「貯められない」夫婦に朗報!共働き世帯の貯金額と貯金対策とは ( 2 )

なぜか貯金できない共働き世帯

経済的余裕があるため「買えてしまう」

「年収は高いのに、貯金ゼロ」になってしまう世帯があります。例えば、世帯年収800万円の世帯。月収60万円にもかかわらず、生活はギリギリで貯金できない家庭もあるようです。

その原因は、経済的余裕があるために「買えてしまう」こと。すべての項目に対して、必要以上にお金をかけてしまいがちです。「どうせ買うなら一般より少し良い、高いもの」をつい買ってしまうようです。また、年収800万円の夫婦は、ともに正社員であることが多いもの。安定した給料を将来的にも保証されていると、信じてしまいやすく、貯蓄のことを忘れて消費してしまうようです。

見栄を張る

先ほどの年収800万円世帯は、高額の住宅ローンも組みやすく、つい見栄を張って高い値段の住宅を買ってしまうこともあるようです。
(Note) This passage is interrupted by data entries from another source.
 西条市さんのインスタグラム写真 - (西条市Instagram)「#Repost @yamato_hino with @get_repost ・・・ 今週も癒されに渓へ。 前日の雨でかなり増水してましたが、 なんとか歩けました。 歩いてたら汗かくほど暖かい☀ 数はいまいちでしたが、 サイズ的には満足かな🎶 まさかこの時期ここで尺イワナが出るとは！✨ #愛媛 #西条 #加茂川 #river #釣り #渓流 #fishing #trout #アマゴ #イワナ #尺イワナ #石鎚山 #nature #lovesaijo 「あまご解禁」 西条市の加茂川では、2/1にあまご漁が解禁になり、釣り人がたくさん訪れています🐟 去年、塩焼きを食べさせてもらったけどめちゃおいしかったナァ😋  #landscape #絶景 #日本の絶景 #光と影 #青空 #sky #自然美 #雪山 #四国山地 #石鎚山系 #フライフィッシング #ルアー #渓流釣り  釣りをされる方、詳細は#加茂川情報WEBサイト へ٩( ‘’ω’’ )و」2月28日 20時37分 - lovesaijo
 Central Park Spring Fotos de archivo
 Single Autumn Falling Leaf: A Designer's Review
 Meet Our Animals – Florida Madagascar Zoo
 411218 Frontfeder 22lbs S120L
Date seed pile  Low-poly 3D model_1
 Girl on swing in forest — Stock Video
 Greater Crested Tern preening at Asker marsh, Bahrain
見栄を張ることは、ほかの項目にも影響します。高級住宅地の生活水準に合わせて、高い車を買い、子供を私立学校に通わせ、高級なインテリア家具や家電、衣服にまで見栄を張れば、とても貯蓄に回す余裕はなくなってしまいます。

2014年の家計調査報告(家計収支編)によれば、年収800万円前後の所得層の1ヶ月の可処分所得は約47万円。そのうち生活費は約42万円。ほとんどが消費に消えて、将来の蓄えに回せずにいるようです。例え、年収が高くなかろうとも、周囲の目を気にして、見栄を張ってしまえば余計な出費で首が回らなくなってしまうでしょう。

余ったお金から貯金する

世帯の収入から、その月使ったお金を差し引き、余ったお金で貯金しようという考え方を夫婦で持っていると、なかなか貯金できません。その月によって、貯金額に波が生まれ、貯金が0円になってしまうこともあるでしょう。「まあ、いいか」とお金を使い、節約する意識もなくなってしまいます。前述のとおり「余裕があればあるほど使ってしまう」といった心理の働きやすい貯蓄方法です。

しっかり貯金していくための3ポイント

共働き 貯金

夫婦の現状把握

夫婦の貯蓄は、1人ですることではありません。片方が頑張って節約しても、もう片方が無駄遣いしては貯まるに貯まらないでしょう。当然、2人の関係にも影響が出てしまいます。夫婦でどういった将来のライフプランにしていきたいかを話し合いましょう。そして、そのためにいくら貯蓄を毎月しておく必要があるのかを計画します。

また、意外と夫婦同士の収支をお互いが把握していないこともあります。しっかりとお互いの収支状況を把握して、貯蓄計画に支障が出ないよう注意しておきましょう。「相手のことを信頼しているから、知らなくていい」と油断しないようにしたいものです。